These Diagrams Reveal How To Negotiate With People Around The World


Published by GUS LUBIN for Business Insider
So you’ve got a meeting in France. Knowing how to speak French will be helpful, but it’s also valuable to understand the French communication patterns that will define your meeting.

British linguist Richard D. Lewis charted communication patterns as well as leadership styles and cultural identities in his book, “When Cultures Collide,” now in a 2005 third edition. His organization offers classes in cross-cultural communication for big clients ranging from Unilever to BMW.

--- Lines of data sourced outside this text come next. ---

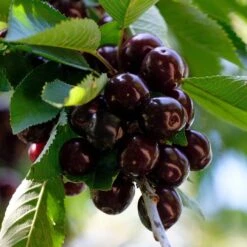 Cross-Pollinating Cherry Collection | Kordia, Merchant & Regina 12 Cross-Pollinating Cherry Collection | Kordia, Merchant & Regina -Plant Seeds Store FRU0183 1 673421f9 4589 4e74 9f6e 04ac6fc3452a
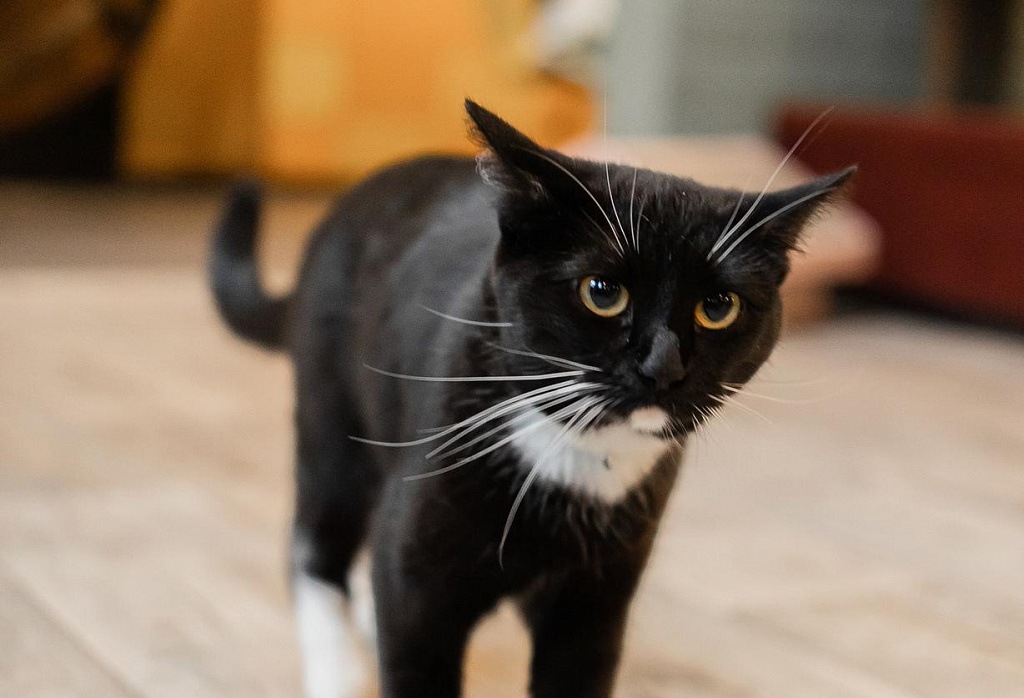 Котокафе "Котики: смена!". Изображение 12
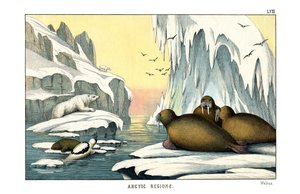 Walrus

In support of cross-cultural studies, he writes: “By focusing on the cultural roots of national behavior, both in society and business, we can foresee and calculate with a surprising degree of accuracy how others will react to our plans for them, and we can make certain assumptions as to how they will approach us. A working knowledge of the basic traits of other cultures (as well as our own) will minimize unpleasant surprises (culture shock), give us insights in advance, and enable us to interact successfully with nationalities with whom we previously had difficulty.”

Although cultural generalizations can be overly reductive, Lewis, who speaks ten languages, insists it can be done fairly, writing: “Determining national characteristics is treading a minefield of inaccurate assessment and surprising exception. There is, however, such a thing as a national norm.”

When meeting with French, you should be prepared for a vigorous logical debate, according to Lewis.

When meeting with Americans, you should be prepared for them to get right down to business, get upset when there’s a disagreement, and expect one or both sides to make concessions.